Reta (Sissie) Beauregard
Reta (Sissie) Beauregard, known for her savoury cinnamon buns at the Flin Flon Aboriginal Friendship Centre Restaurant, has called it a career.

You may not know Reta (Sissie) Beauregard, but chances are you love her baking.

Beauregard’s sweet, hefty cinnamon buns have made a trip to the Flin Flon Aboriginal Friendship Centre restaurant a weekly ritual for a generation of sweet-toothed area residents.

“People know me by the cinnamon buns,” she says with a smile. “A lot of people called me the Cinnamon Bun Lady.”
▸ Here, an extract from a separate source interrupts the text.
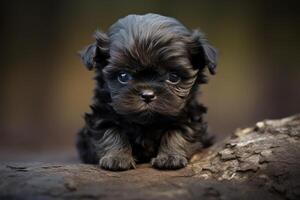 ai généré espiègle petit chiot. produire ai photo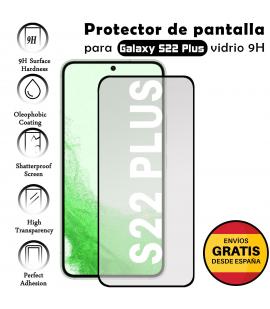 Kit Protector de Pantalla para Samsung S22 PLUS NEGRO cristal templado 3D Completo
Now after a quarter-century in the kitchen, Beauregard has hung up her apron. The many bouquets, cards and well wishes she received at a retirement celebration last Friday, July 8 demonstrated the gratitude of her customers.

“I couldn’t believe I had so many friends that came out to wish me good luck,” she says.

Beauregard hired on at the Friendship Centre restaurant in July 1991. That was shortly after Shirley’s Restaurant on Main Street, owned by her sister, closed and left Beauregard looking for work.

Originally from Mafeking, a three-hour drive south of Flin Flon, Beauregard brought years of experience in the restaurant industry.

“I was always in the kitchen,” she says, recalling stints at restaurants or bars in or around Mafeking, Swan River and Bowsman.

When she arrived at the Friendship Centre restaurant, Beauregard learned how to prepare those now-famous cinnamon buns from a cook named Theresa Merasty.

“It was Theresa’s [recipe], I guess,” says Beauregard.

So what makes the buns, baked every Thursday, so popular? Beauregard says she’s not sure, adding with a laugh, “I don’t have a secret ingredient.”

Beauregard says that thanks to customers passing through or travelling from Flin Flon, her cinnamon buns have ventured as far as BC in the west and Toronto in the east – and who knows where else.

Among her legions of satisfied customers is Bill Hanson.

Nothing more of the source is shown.